I have samples of individuals from various areas in South and Central America (12 samples, so 12 locations). Each sample has a different number of individuals with a measurement assigned to them. Each sample also has somewhere between 4-40 individuals. So there are coincident data at each location.
I would like to see if there is spatial autocorrelation (clustering/dispersion) among the samples taking into account this measurement. I am using the Spatial Autocorrelation Moran's 1 tool. Having done something similar to this before, I felt each location could only have one value. In the past (using geostatistical analyst), it would just average the values at each location. So I went ahead and did that myself. Thus I had 12 locations, each with one data point. I ran the spatial autocorrelation tool, and there was nothing significant.
I am doing it again without averaging the samples. Thus each location as between 4-40 data points. After running the tool again, it finds significant clustering. However, if there are 12 locations with a ton of data points, I feel this is due to sampleing bias. Is that right?
Any suggestions on the best way to do this?

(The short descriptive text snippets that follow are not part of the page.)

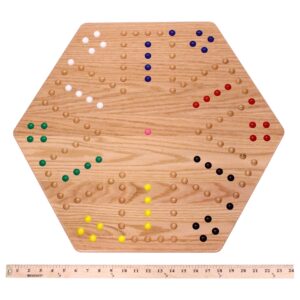 AmishToyBox.com Wahoo Wooden Marble Game Board Set - Large 24" Wide - Solid Oak Wood - Double-Sided - with Large 22mm Marbles and Dice Included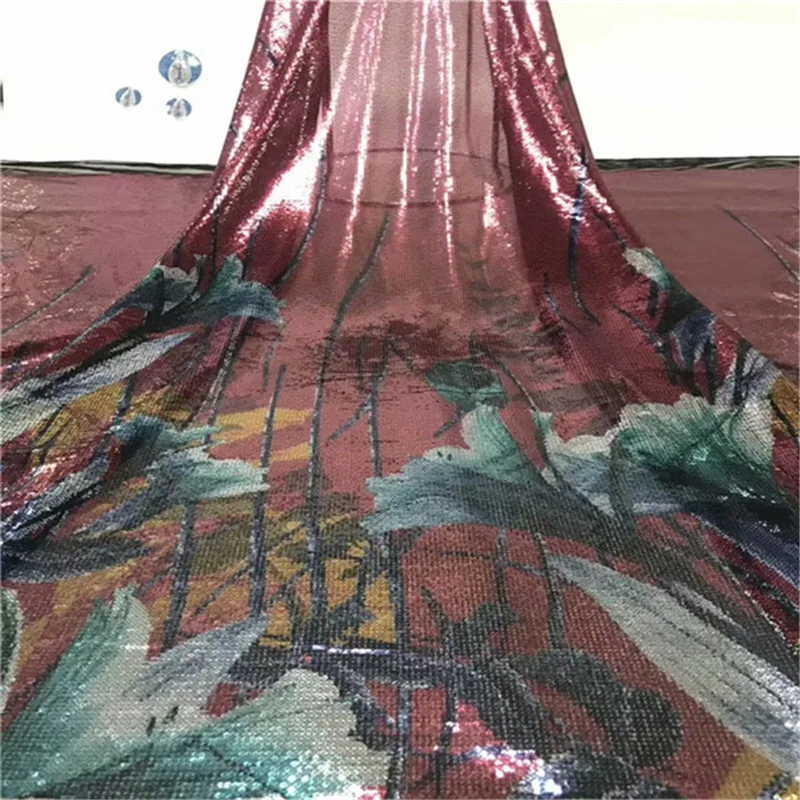 

2019 Latest African Net Lace Fabric, High Quality Red Sequins Nigerian Wedding Lace Fabrics 5Yards Sequins French Tulle lace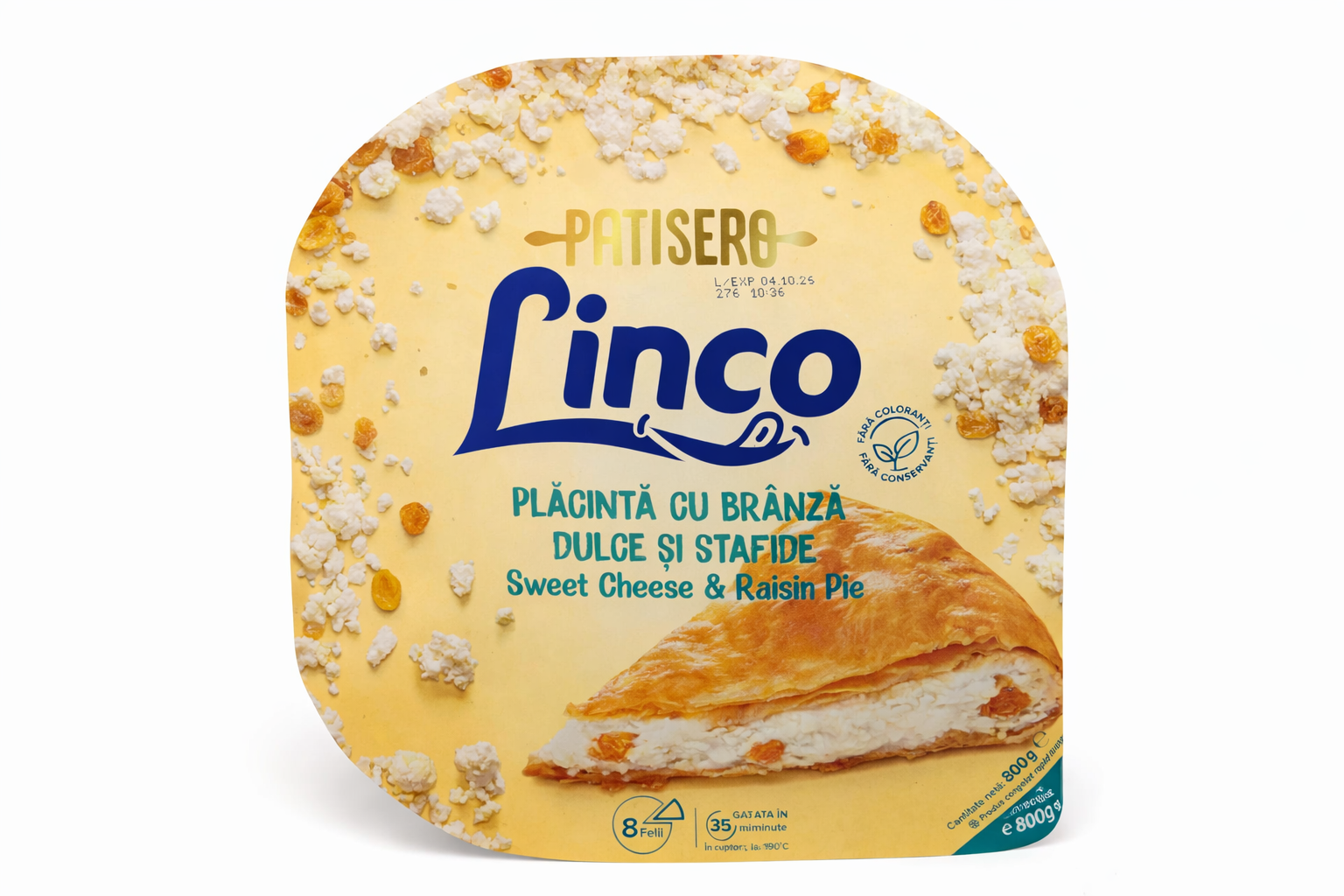 Plăcintă cu Brânză Dulce și Stafide Linco – 800g / Linco Sweet Cheese & Raisin Pie – 800g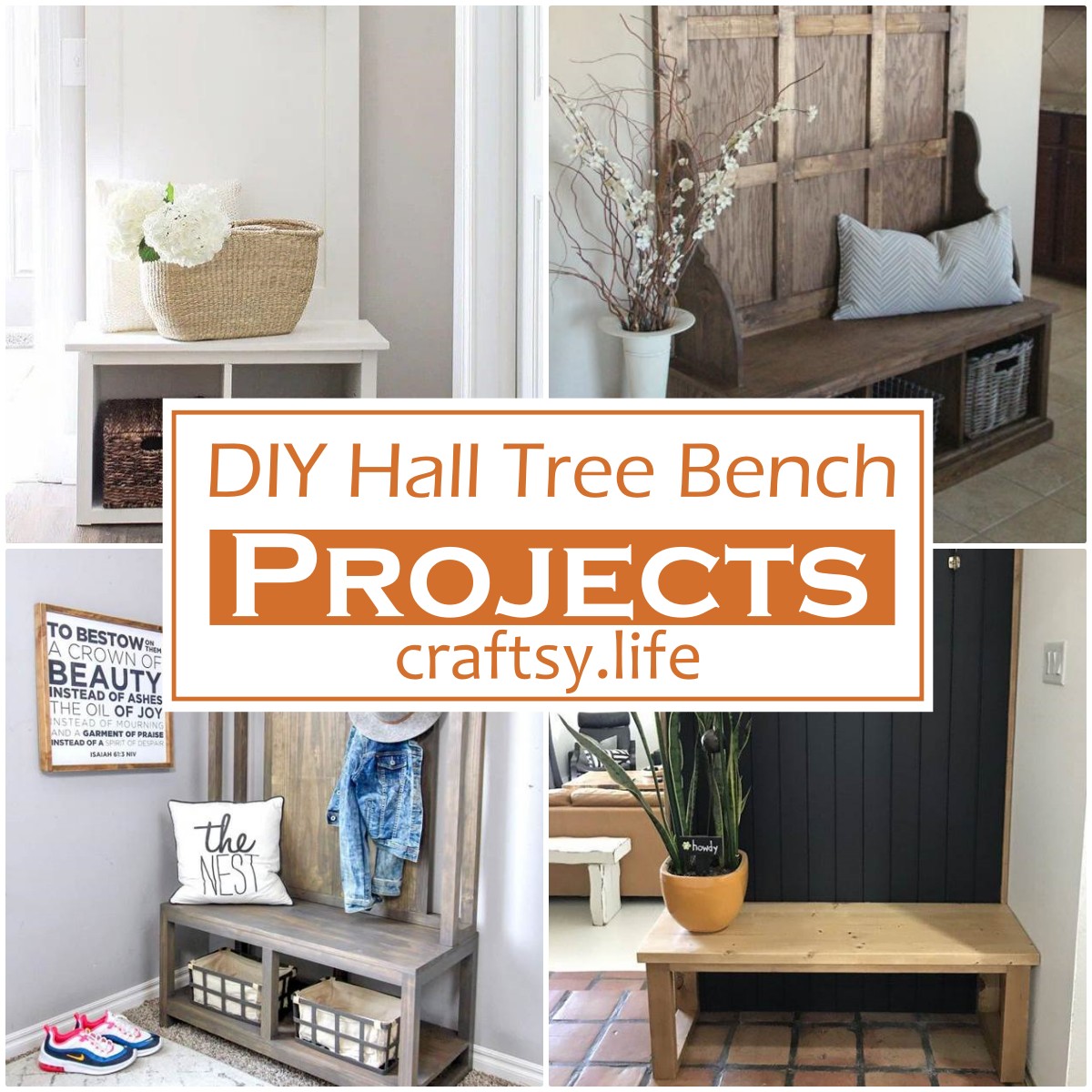 DIY Hall Tree Bench Projects 1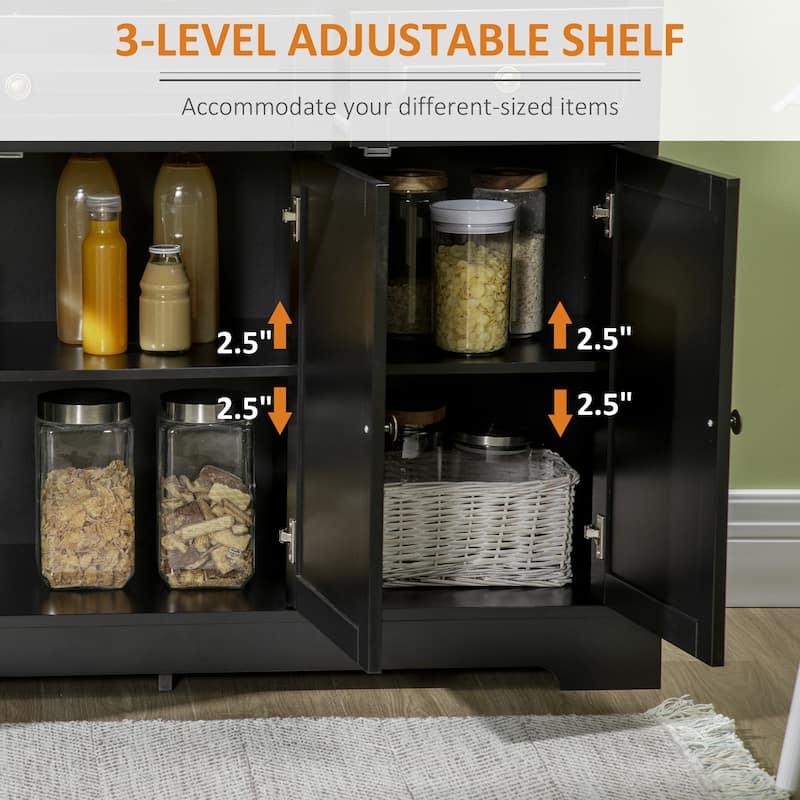 Stylish Kitchen Storage Cabinet with 2 Drawers, Adjustable Shelves, and Recessed Doors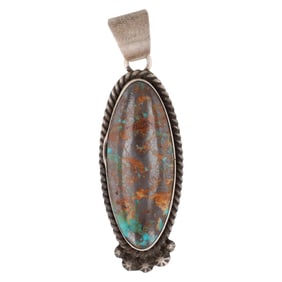 Scott Skeets Navajo Sterling Kingman Turquoise Pendant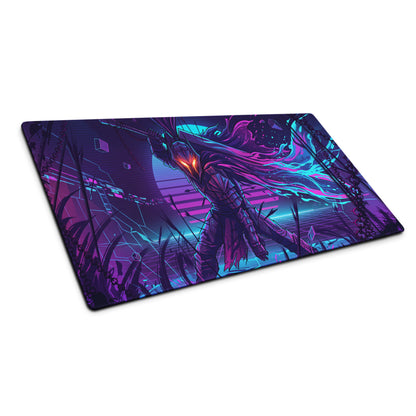 Neon knight vaporwave mouse pad with vibrant neon purple and cyan anime warrior design on a cyberpunk backdrop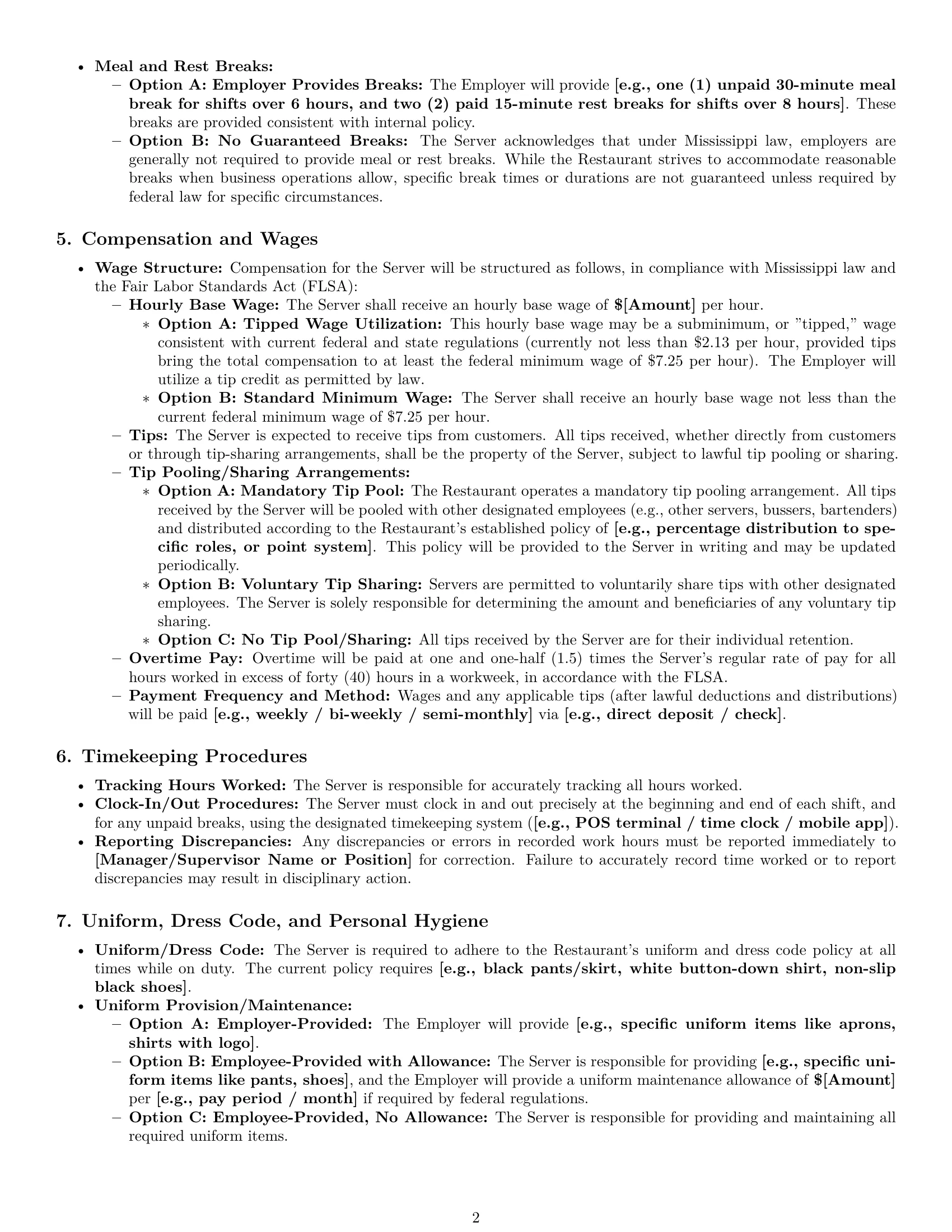Preview page 2 of Pro Mississippi restaurant server employment contract template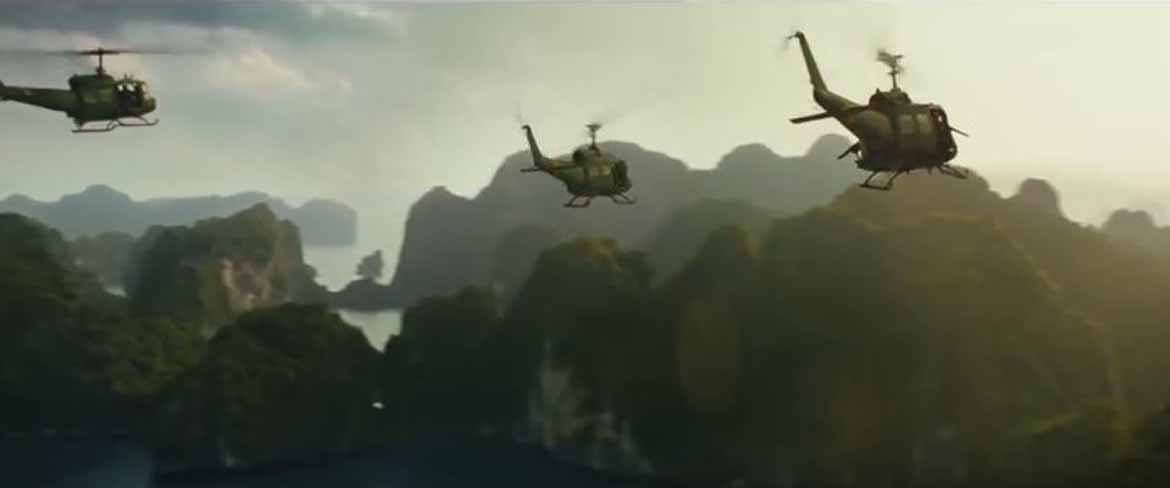 Helicopters soar over mysterious islands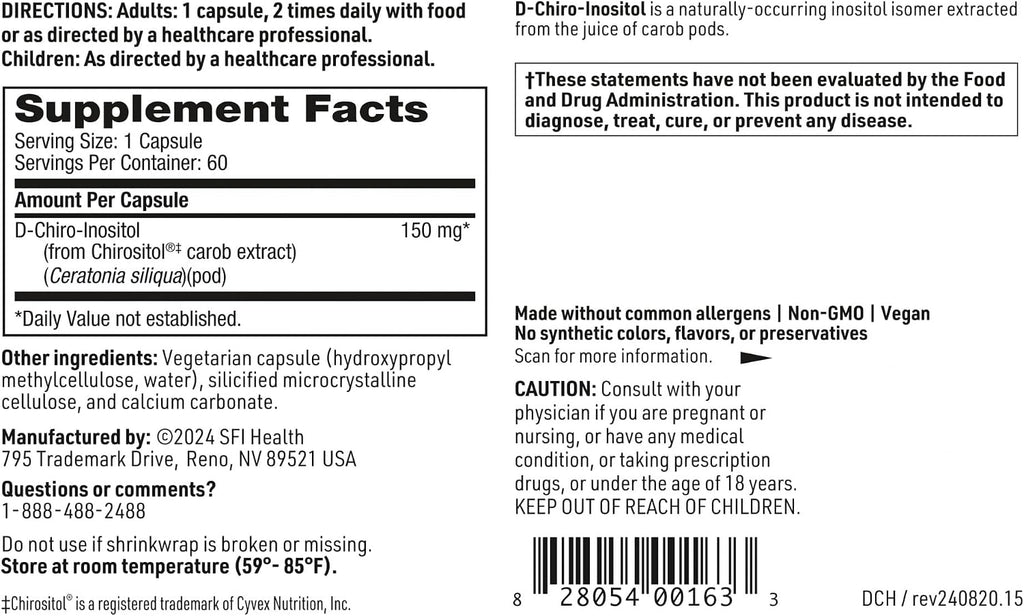 SFI Health Klaire Labs D-Chiro-Inositol - 150 mg - Suplemento Hipoalergénico (60 Cápsulas)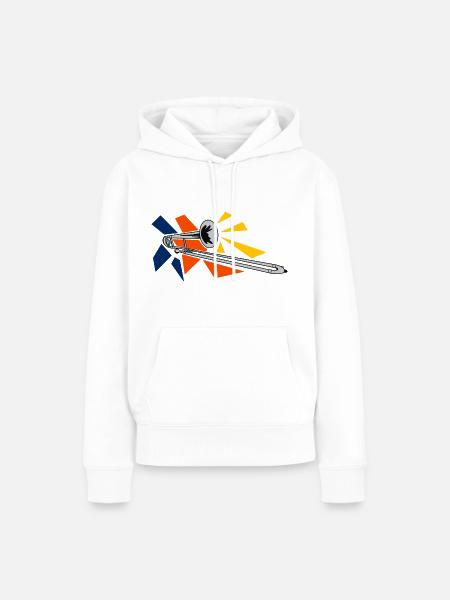 Silber Posaunen Pop Art - Frauen Premium Bio Hoodie - Weiß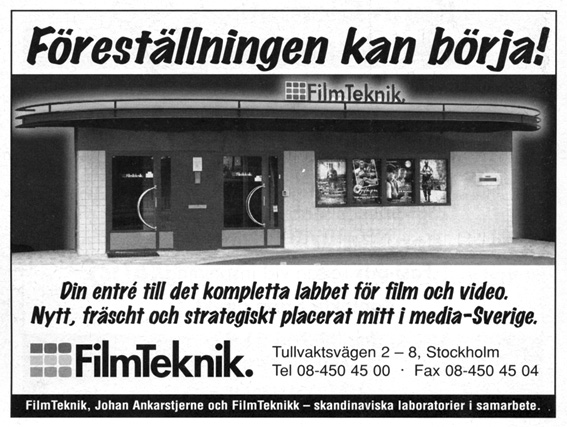 SVT Filmlaboratorium Swelab Filmteknik Nordisk Film TV 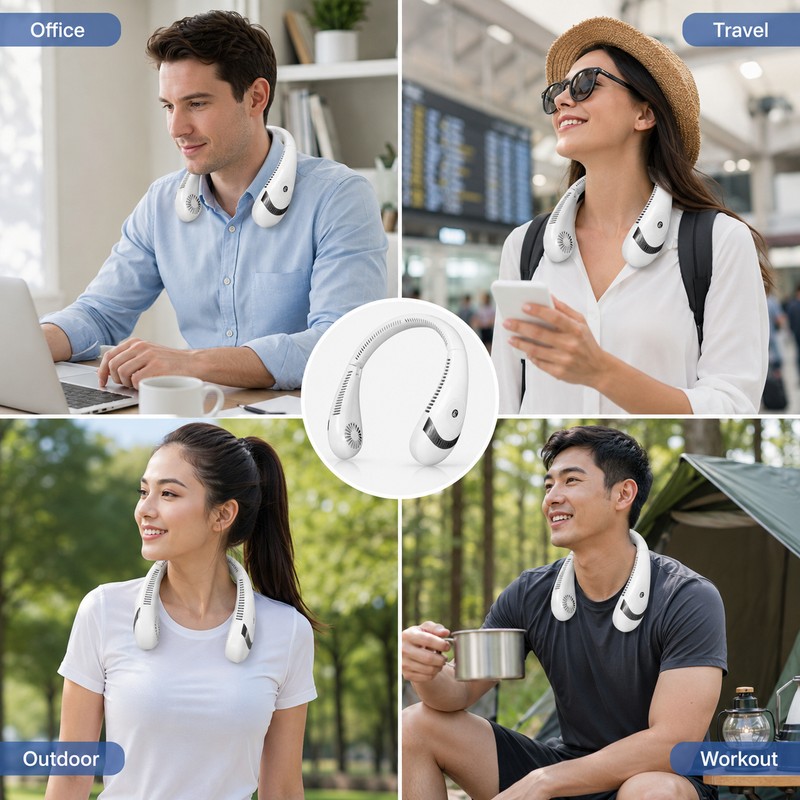 Portable Bladeless Neck Fan for Hands-Free Cooling – Foldable 3-Speed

from the help Spatial Autocorrelation (Global Moran's I)—Help | ArcGIS for Desktop
this Optimized Hot Spot Analysis—Help | ArcGIS for Desktop would be worth looking at as well,
Since you have multiple people ascribed to a polygon, one does have to consider how applicable the polygon boundaries are
It is actually point data. I read each observation in with a lat and long coord. So there is a couple points on top of eachother in each of the 12 locations. There are a total of 255 points. I suppose the hotspot analysis would idenfity clusters if there were any. I will give that a try and see what results suggest.